La bravoure des Hollandois ne répondit guère aux bravades de Vaubuning. Toutes ces places. prises en si peu de tems auroient autrefois soutenu des sièges de trois à quatre mois.

Après la conquête de ces places, qui nous coûtèrent si peu, le Roi forma un dessein digne de lui c'étoit d'entrer dans le Bétant, le meilleur pays et le cœur de la Hollande, pendant que M. le Prince, suivant le Rhin, alla prendre Rès et Emėrick, et pendant que Monsieur iroit sur l'Issel qui est l'ancienne fosse de Brutus, prendre Dresbourg et Zut-Phen, pour entrer dans la Velune; et pendant que Monsieur prendroit ces deux places, l'Evêque de Munster avec M. de Choiseuil prendroit Deventer et Cunol, toutes places considérables sur l'Issel.
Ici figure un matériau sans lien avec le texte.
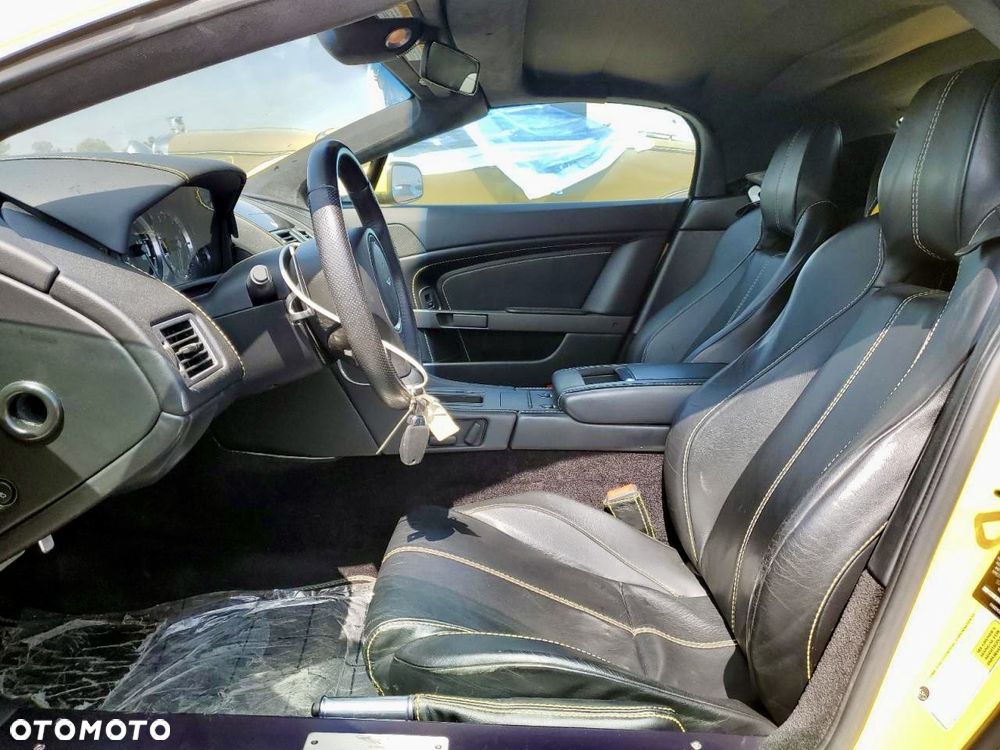 Aston Martin V8 Vantage - 8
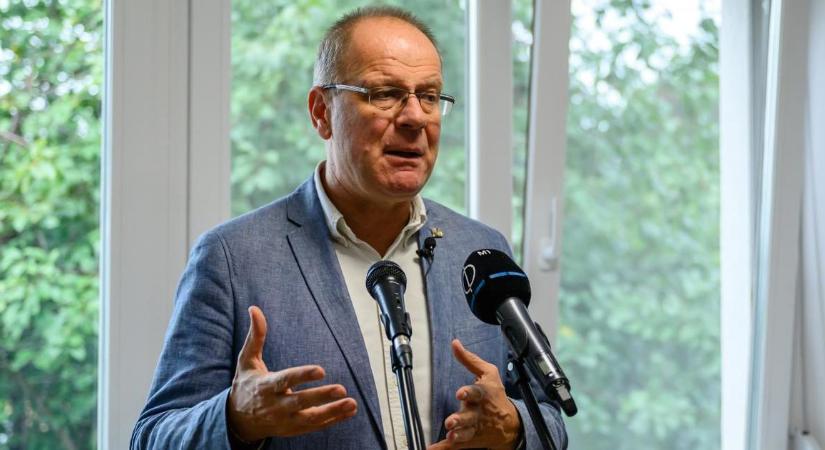 A fideszes médiának kér pénzt a NER nagytőkéseitől Navracsics Tibor és Ferencz Orsolya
Tout cela fut pris en très peu de tems, et voilà. par ces prises l'Issel passé, dont nos ennemis se vantoient de nous avoir fait une barrière; ce qui les mit encore plus au désespoir, ce fut lorsqu'ils virent le Roi passer le Rhin sous le fort de Tolhus,

Les Mousquetaires passent le Rhin en escadron.

passage qui a fait un des plus beaux jours de la vie du Roi. M. le comte de Guiche, un des plus accomplis seigneurs de la Cour, étoit un des lieutenants-généraux de notre armée. Il n'avoit que de grands desseins en tête. Ceux qui ont parlé de lui n'ont pas encore assez loué sa valeur. C'est lui qui sondat le Guet, et à ce guet, il falloit nager plus de 300 pas. Mais je dirai en peu de mots que M. le Prince nous ayant joint avec son armée dont M. le comte de Guiche étoit un des lieutenants-généraux, ce prince tout plein de feu, ne manqua pas d'avertir le Roi de ce Guet, et aussitôt le passage fut résolu, quoique Monbas, l'un des lieutenans - généraux des Hollandois, fut de l'autre côté,avec des troupes considérables tant de cavalerie que d'infanterie.
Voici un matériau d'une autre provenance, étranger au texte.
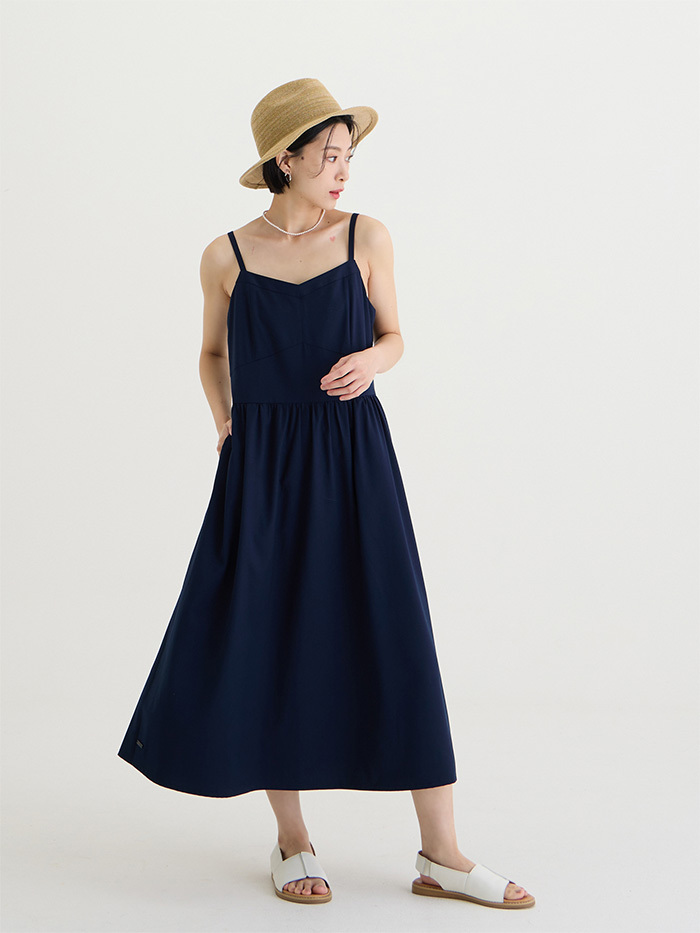 Luna剪接軟洋裝-藍海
L'ordre étant donné aux troupes pour passer, il se noya du régiment de Bligny, qui étoit de la brigade des cuirassiers, plusieurs cavaliers qui n'étoient pas si bien montés que nos deux compagnies de mousquetaires ni que les cuirassiers. Il y eut une chose digne de remarque à ce passage, à l'honneur de la première compagnie dont j'étois, c'est qu'elle passa en escadron, comme font les Tartares, quand ils passent la Boristêne. Aussi nous ne perdîmes qu'un seul mousquetaire arrivé de la veille et dont le cheval étoit fatigué; il étoit provençal; les troupes qui perdirent le plus furent celles qui passèrent à la file. Nous eûmes encore un de nos mousquetaires qui fut brûlé par les poudres que les ennemis abandonnèrent à l'autre bord, où quelqu'un mit le feu.
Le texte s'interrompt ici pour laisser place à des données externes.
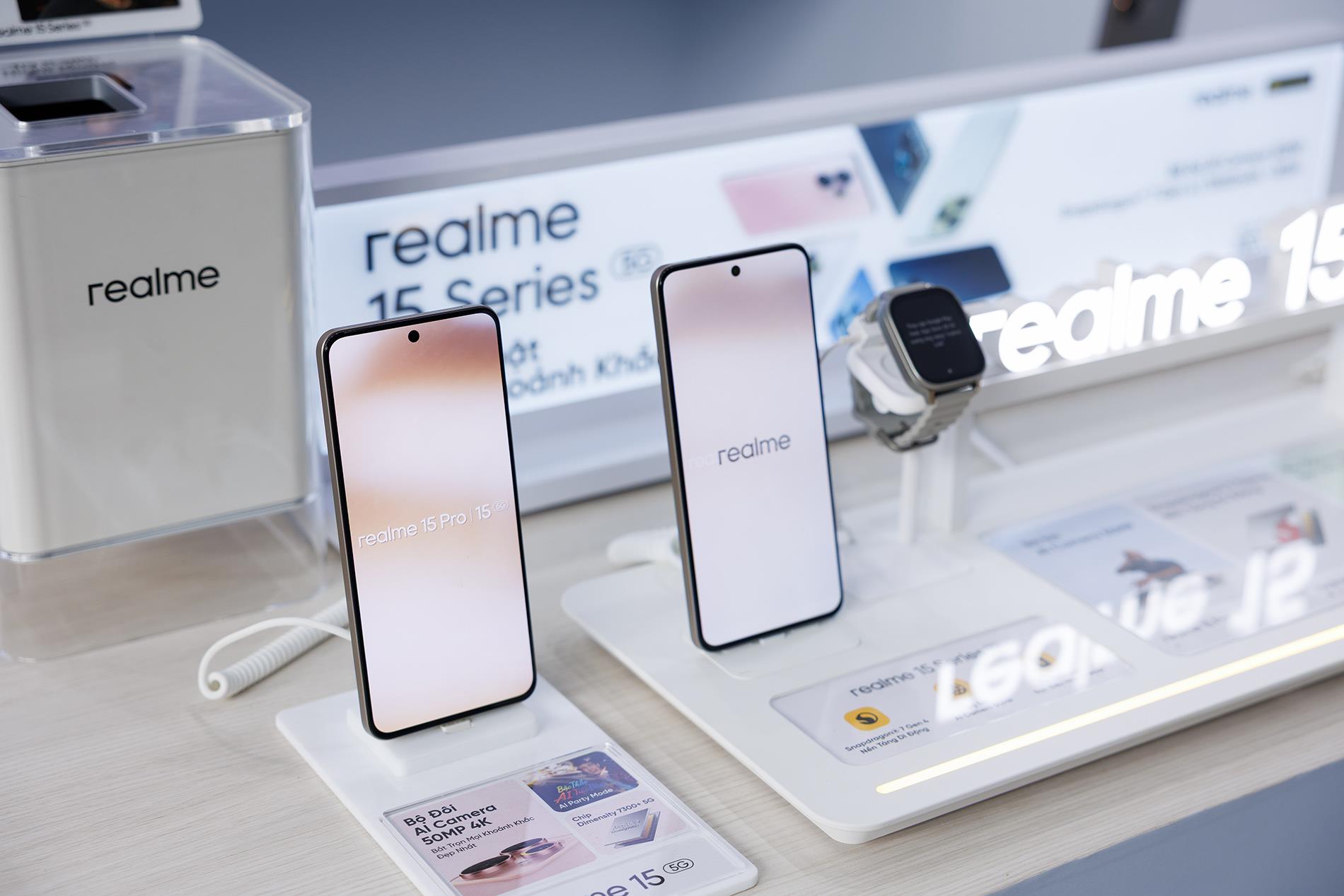 realme và Thế Giới Di Động ký kết chiến lược 2026: Đặt mục tiêu tăng trưởng 2 chữ số, bứt tốc phân khúc trung - cao cấp- Ảnh 2. realme và Thế Giới Di Động ký kết chiến lược 2026: Đặt mục tiêu tăng trưởng 2 chữ số, bứt tốc phân khúc trung - cao cấp- Ảnh 2.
Le Roi, voyant passer ses troupes si gaiement, et comme si elles n'eussent passé qu'un petit ruisseau, voyant les ennemis sur l'autre bord pour nous recevoir, tous mouillés que nous étions, fit venir deux petites pièces de canon qui firent un grand bien et favorisèrent merveilleusement notre passage. M. le Prince, impatient d'être déjà à l'autre bord, passa dans un petit batteau avec M. le Duc et M. de Saint-Paul, son neveu; pour M. le comte de Guiche, il passa à la nage à la tête de ses troupes.

Les ennemis firent bonne contenance jusqu'à se mettre dans ce fleuve jusqu'au poitral de leurs cheveaux, mais cela ne dura pas longtems, puisqu'ils nous laissèrent aborder sans nous tuer plus de 20 ou 30 cavaliers, entre lesquels fut M. le comte de Nogent. MM. de Vivonne et de La Salle furent blessés.

La cavalerie des ennemis s'étant retirée derrière des clos et des jardins où étoit leur infanterie, M. le Prince, avec ceux qui étoient passés avec lui, prit les premières troupes qu'il rencontra et cria armes à bas, M. le comte de Saint-Paul, qui étoit près de lui, commença, en tirant son pistolet, à crier Point de quartier ». Ce cri d'un jeune homme lui coûta la vie, et une blessure à M. le Prince qui apporta grand dommage aux affaires du Roi.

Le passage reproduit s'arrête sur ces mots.